The rise of the internet

Although it may seem hard to imagine life without it, the internet hasn’t been around that long.

Conceived by Tim Berners-Lee back in 1989 to aid information sharing between universities, it wasn’t until the mid-late ‘90s that the web became available more broadly and the first web browsers (anyone remember ‘Netscape’?!) were rolled out.

Jump to now and just over 20 years later, and the internet is such a normal part of our lives that not having it is inconceivable for most of us. We do everything on it, from buying a new pair of socks to chatting to friends in far-off places to getting our news fix.

But unfortunately for the providers of that news, the internet has also been a massive shock to the way they operate.

The media gets left behind

While in many ways the internet has made life easier, it has also created it’s fair share of problems, with one of the more notable casualties of these problems being the print news media.

As the likes of digital behemoths such as Google and Facebook and Twitter rose to prominence, the “legacy” (traditional) media found their “rivers of gold” - the advertising-based revenue model - smashed because they were not quick enough to evolve with the fast-moving roll out of digital.

By the time the media began trying to roll out paywalls and subscription models and other ways of replacing the dwindling advertising revenue, it was almost too late.

And then in 2020, after years of the big daily newspapers located in major cities undergoing massive transformations and job cuts to try and get back into the game, community media organisations took a huge hit.

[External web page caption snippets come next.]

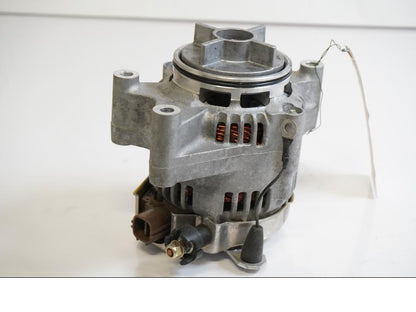 Framsidan på Generator från en BMW K 1200 R -2006 motorcykel.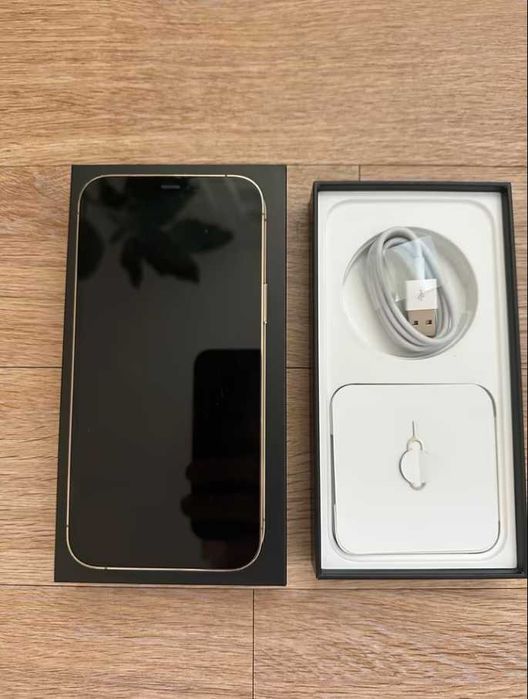 iPhone12 Pro max 256GB Apple　美品！ Amazon | 【整備済み品】 Apple iPhone 12 Pro Max 256GB パシフィック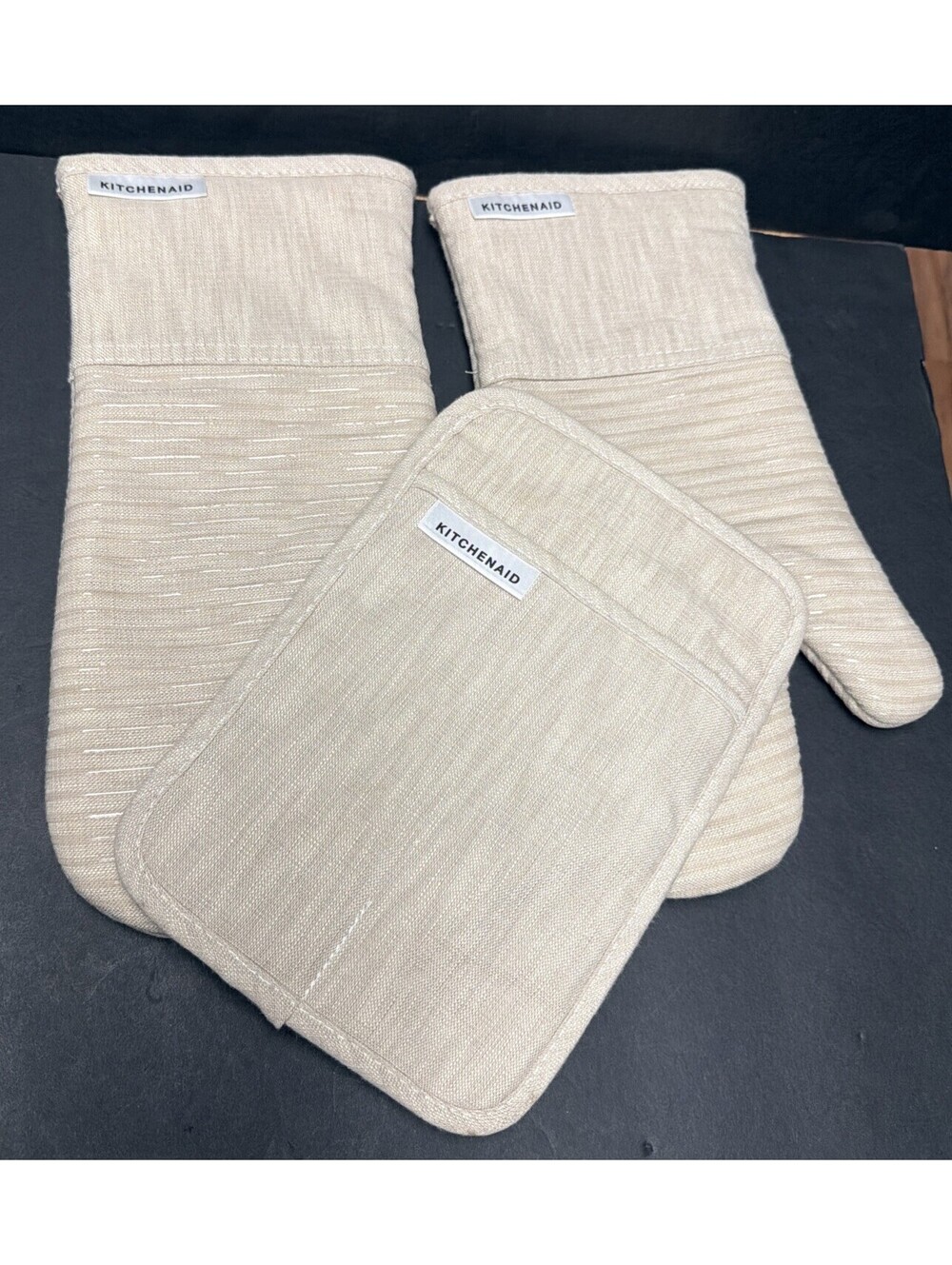 Kitchen Aid Beige 2 Oven Mitts And 1 Pot Holder Textured W/ Ribbed Silicon Grip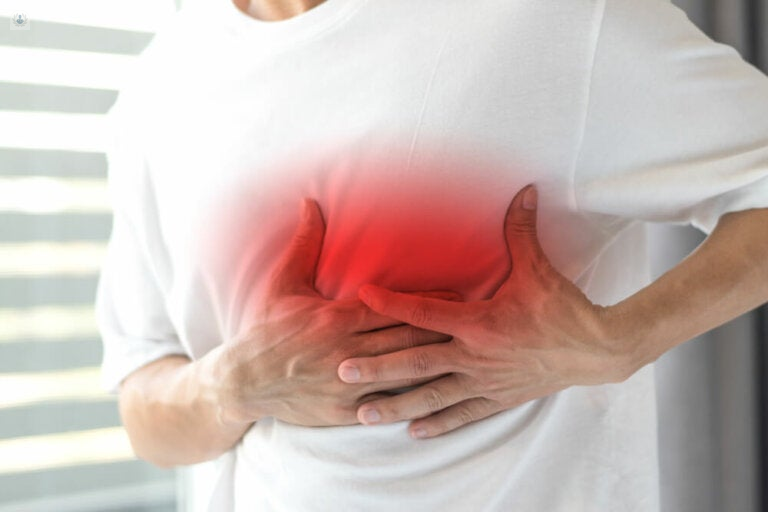 Dolor de pecho y espalda: causas y cuándo ver a un médico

Rupert Murdoch’s News Corp, which controlled a large swathe of community and regional newspapers across the nation, delivered startling news to these communities - it was stopping the printing of 112 community and regional papers through transitioning 76 to digital-only and closing 36 titles altogether.

This came on the back of a 2019 announcement by WIN TV that it was closing five regional newsrooms, which many media commentators fear could be just the beginning of more rationalisation of regional and community media.

However, it’s not all doom and gloom.

Newsport, for example, has only ever been a digital media outlet, so in many ways we feel lucky to have caught the digital wave rather than be dumped by it.

Which doesn’t mean it’s all been smooth sailing, but 10 years after we first started, we remain proud of our place in the Shire community as a leading local news outlet and digital space for locals to read the local news, have their say about whatever is going on and advertise their businesses.

And we are just one of numerous local digital media outlets that are still similarly helping voice their local communities.

Saving Local Media Voices

But there is still grave concern from leading voices in the media landscape about a decline in community news and media organisations.

This has led to the “Save Our Voices” campaign, conceived to put pressure on the federal government to not turn a blind eye to what was occurring in the media landscape.

With TV news legend Ray Martin as its face, Save our Voices is encouraging individuals to reach out to their local MP and ask them what they are doing to support a sustainable, independent and self-funding local media presence in regional Australia.

As a proud and local media organisation, Newsport is highly supportive of this campaign and hopes you will take up the battle with us to save local media voices that have for so long been an important part of regional communities.

Because by “Saving Our Voices” you are saving YOUR voice.